I have always wondered about the intent of those who gleefully inform you that others have been talking about you. I have had it happen on occasion, and it is always embarrassing, humiliating and hurtful. Often the information is passed onto you with a smile, as though this is quite an enjoyable activity. The problem is that you don’t know the context in which the person was talking about you. Was your name brought up in conversation, and then something was said in passing? Were they tired, depressed, had too much to drink or angry at the time? We all slip up and say things in the heat of the moment. I would be more wary of the person who passes this information onto you. What good does it do? It can break friendships apart and cause you to retreat into yourself. It certainly doesn’t make you feel great.
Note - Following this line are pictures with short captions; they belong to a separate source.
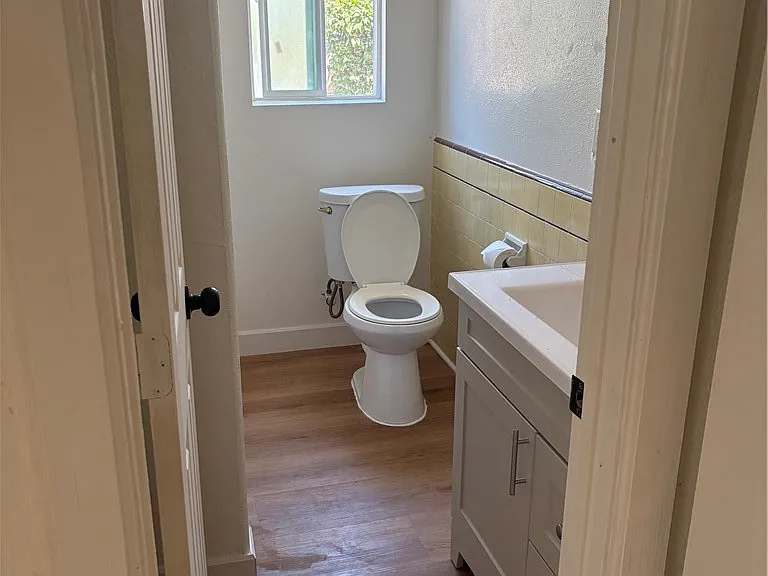 20726 Seine Ave — Photo 8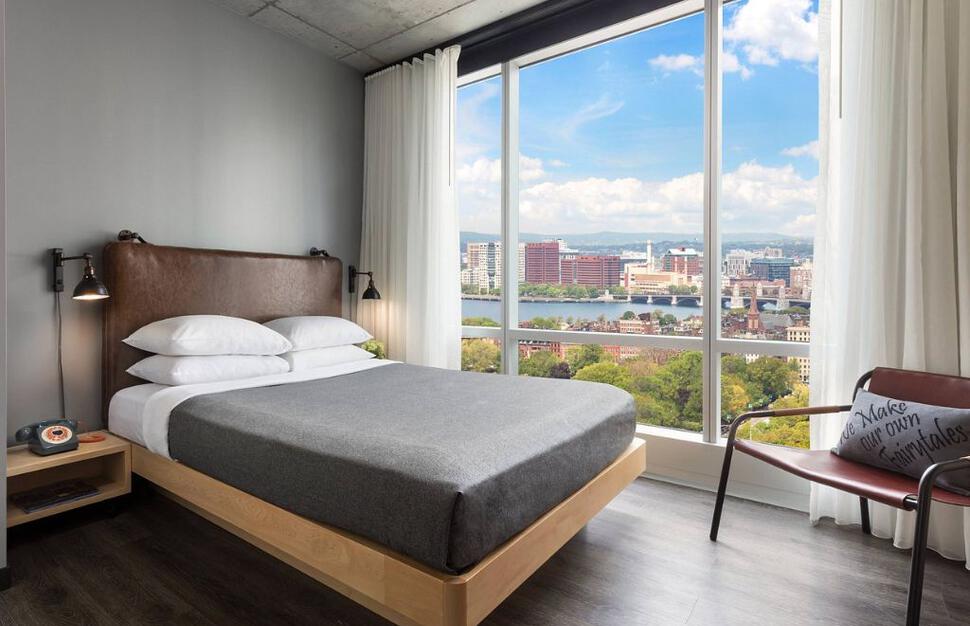 Moxy-Boston-11.jpg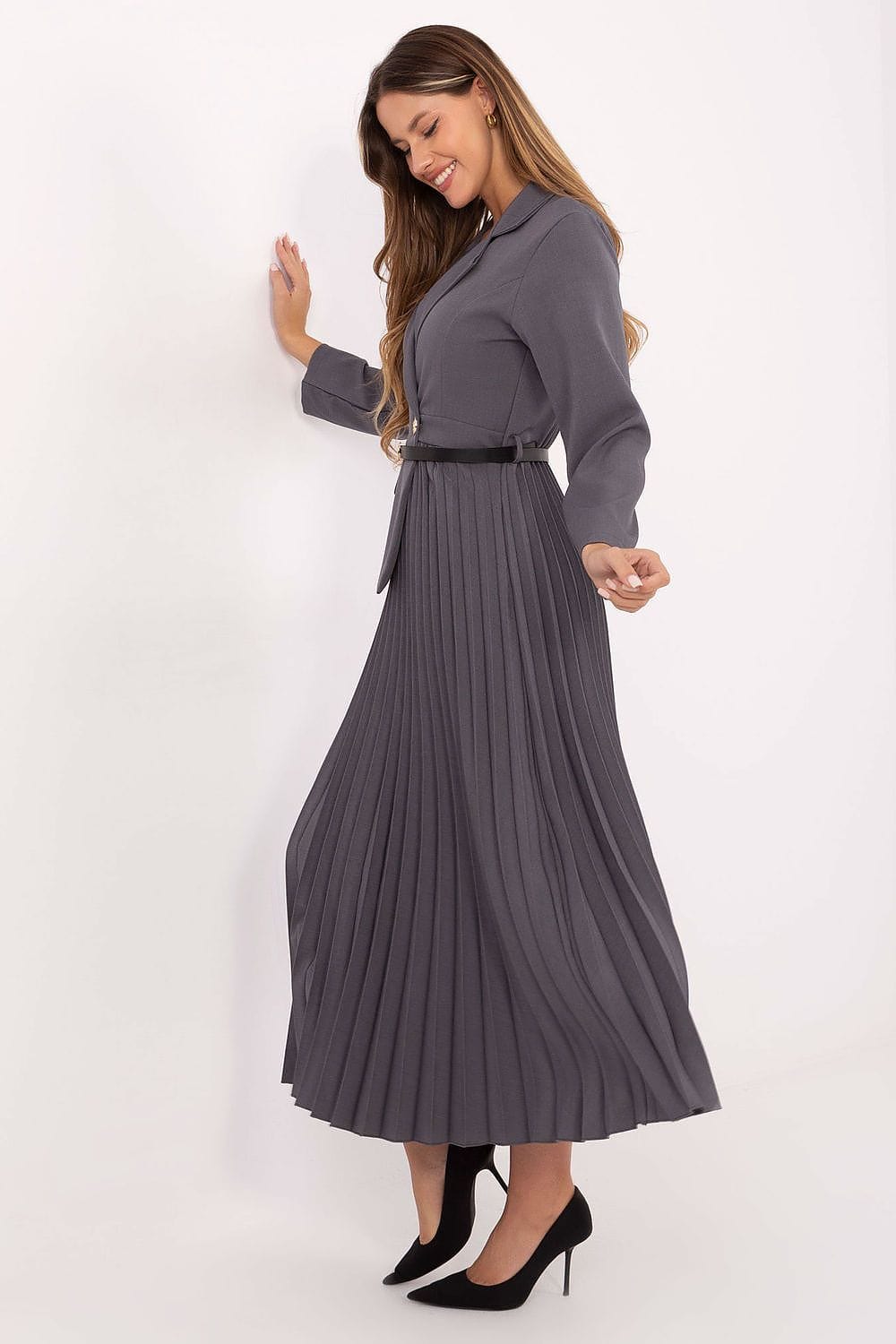 Robe plissée midi élégante grise à manches longues, idéale pour soirée chic ou cocktail entre amies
I don’t buy that you are informed for your benefit.
When somebody tells me something in confidence, it is kept private. That person may be having issues with a mutual friend, and I will try to help iron out a resolution. Imagine if I went to the other person and informed them that X said Y? Not only would it inflame matters, but it wouldn’t leave anyone feeling great. Discretion is necessary in friendships. I believe we all have a pretty good instinct as to whom is in our court, and who isn’t. We don’t need to hear this extraneous stuff from a third party. I have seen many friendship groups fall apart for this reason. If I ever hear stuff about a person, it dies when it hits my ears, and is never repeated from my lips. Life is challenging enough, without engaging in gossip!
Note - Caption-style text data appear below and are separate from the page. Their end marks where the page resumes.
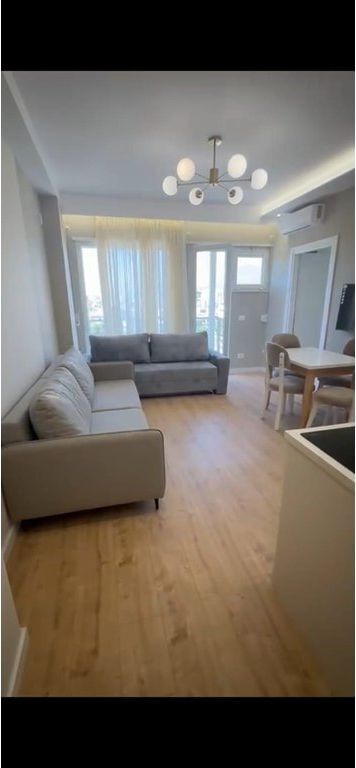 Apartament 1+1 Me Qira në Tregu Elektrik, Tiranë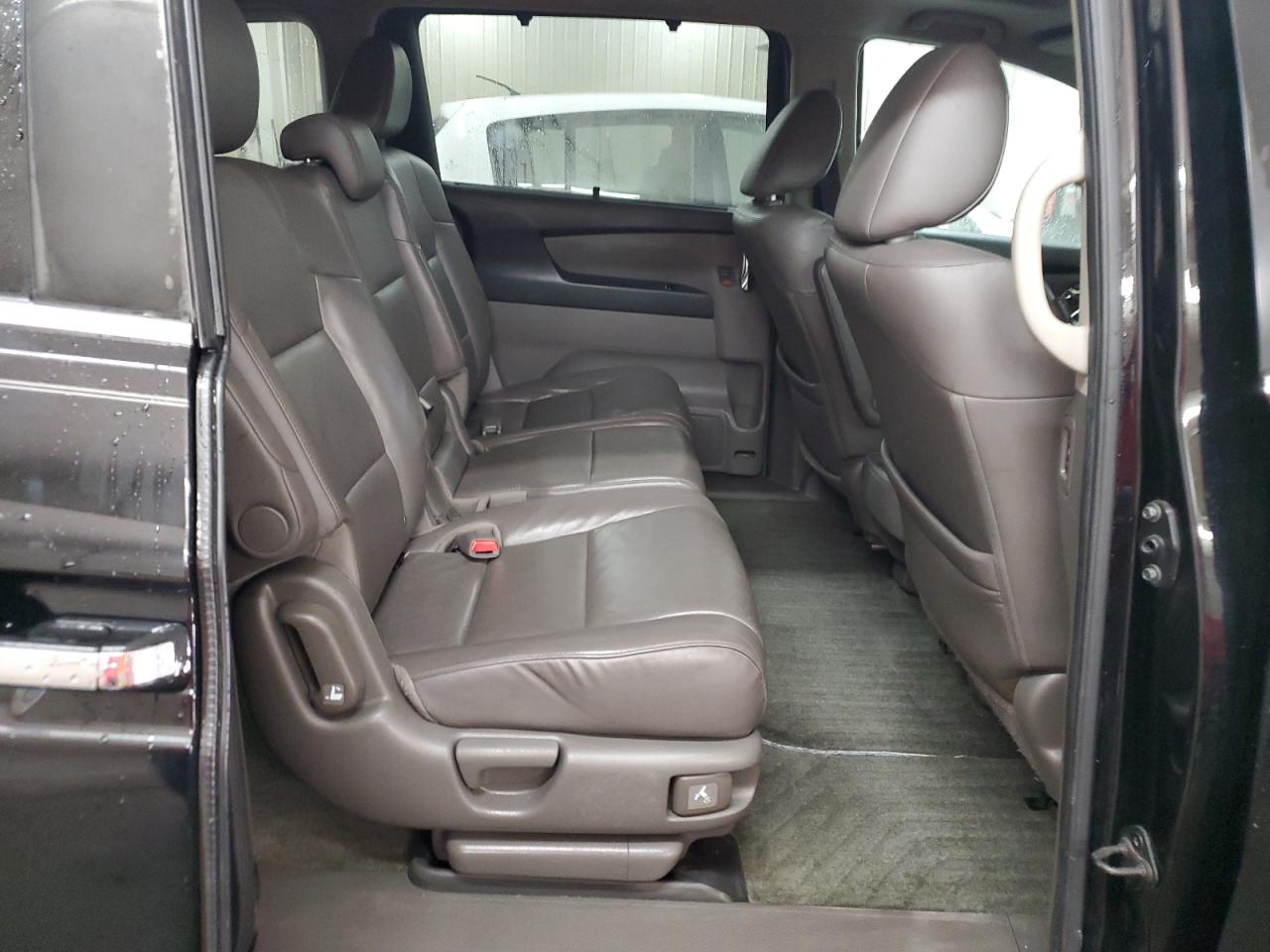2015 Honda Odyssey - Image 11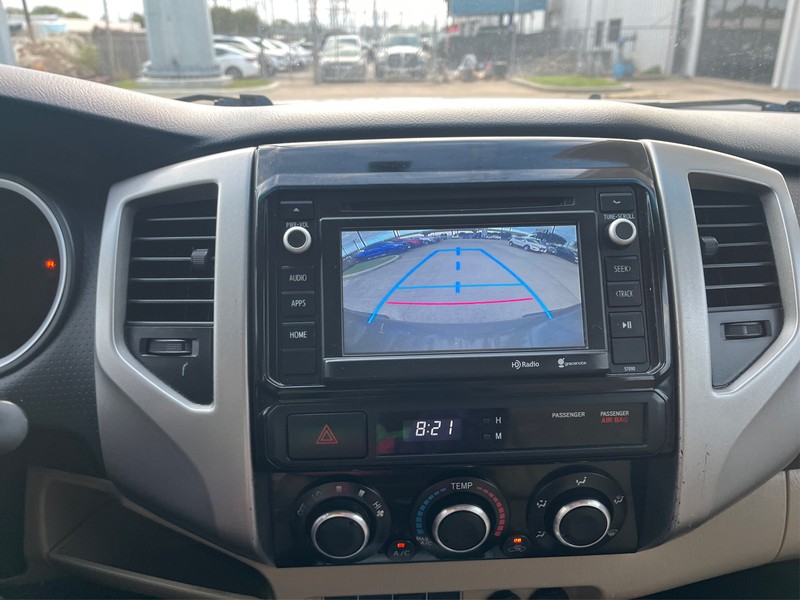 Toyota Tacoma Vehicle Full-screen Gallery Image 16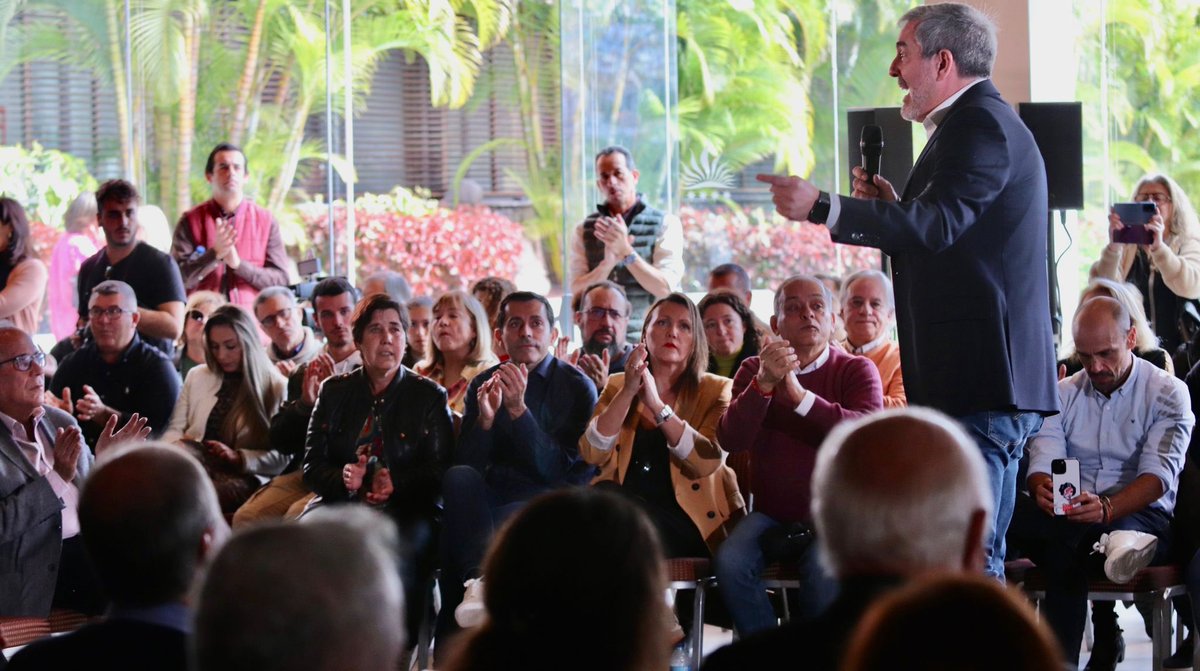 FClavijoBatlle's tweet photo. El 28 de mayo no se la juegan los partidos estatales, se la juega #Canarias.

👉Hoy las islas están más lejos y abandonadas que nunca por culpa de los medianeros de Sánchez pero @coalicion va a darle la vuelta a esta situación.

#ElpartidodeCanarias https://t.co/xARLu6GOCr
People come to you with their own baggage. Imagine if someone has a terror of rejection, and you are flat-out at work at a certain point in time. They may complain that you aren’t there for them to someone else, or that you haven’t seen them. If this is relayed back to you, you may become angry at their lack of understanding of how hectic your life is. If left alone, you get in touch when you can, and have a delightful catch-up with this friend. It isn’t our job to run around informing others as to what was said in the heat of the moment. It’s schoolyard shenanigans, not befitting grown-ups.
You don’t diminish in worth by hearing that someone has said something mean about you, and you don’t increase in worth by hearing that someone approves of you. What you think about yourself is what matters. Remember, what others say about you is none of your business, and perhaps gently inform the gossiper of the same.